LA VIA TANTRICA AUTENTICA

il Tantra è un’autentica rivoluzione interna, è spogliarsi di tutte le fedi religiose, le morali, i vincoli, i pregiudizi, ecc. E’ creare lo spazio interno che è necessario per concepire l'infinito e la verità senza tempo. Dal momento in cui la mente si svuota e si adatta a ciò che realmente accade, quando apprendiamo dal nostro interno più profondo, tutto diventa un mantra, che è il tessuto, la base della vita, in cui uno mette tutto e che magicamente assume molte forme diverse di creatività infinita. Il Tantra spezza i tabù, le credenze e i dogmi imposti da qualunque religione.

 

Di quali materie trattano i tantra? Della stessa essenza fuggitiva, del cosmo, dei centri che irraggiano il divino (il paradiso), dell'astrologia, delle genesi e delle apocalissi, dello spirito, dell'anima e del corpo; della magia e dell'alchimia: in una parola, di teosofia e di occultismo. Questa stratificazione non comporta né segue un piano pratico, o una formula. Essa si limita a modellare la mentalità e l'affettività mistica del tantrika.

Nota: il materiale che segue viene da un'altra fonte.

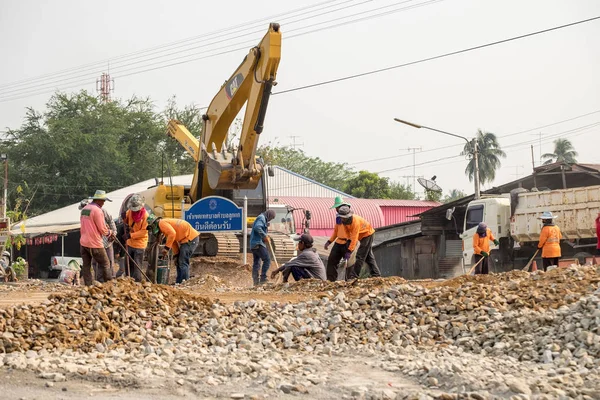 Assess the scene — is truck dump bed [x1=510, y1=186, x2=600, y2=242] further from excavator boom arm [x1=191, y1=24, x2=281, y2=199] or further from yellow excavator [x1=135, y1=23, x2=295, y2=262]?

Il passaggio allo yoga diretto dipenderà dalle circostanze, ma anche dal dharma (vocazione) e dalle qualificazioni che l'interessato porterà nell'inconscio.

Il tantra è e rimarrà una forza dominante non solo nella spiritualità indiana ma mondiale. Mentre possiamo riconoscere il posto delle forme popolari e New Age del Tantra come punto di entrata in questi insegnamenti, è importante riconoscere l'ambito più ampio e più profondo del Tantra reale che è più di questo e può essere molto diverso da loro. Il Tantra è l'applicazione pratica ed energetica di tutta la saggezza yogica della vita, del tempo, dello spazio e dell'energia. Se ti avvicini con la giusta intenzione, può offrirti molto di più della realizzazione dei tuoi desideri, può aiutarti a raggiungere l'obiettivo supremo della vita di realizzazione dell'intero universo nella tua consapevolezza!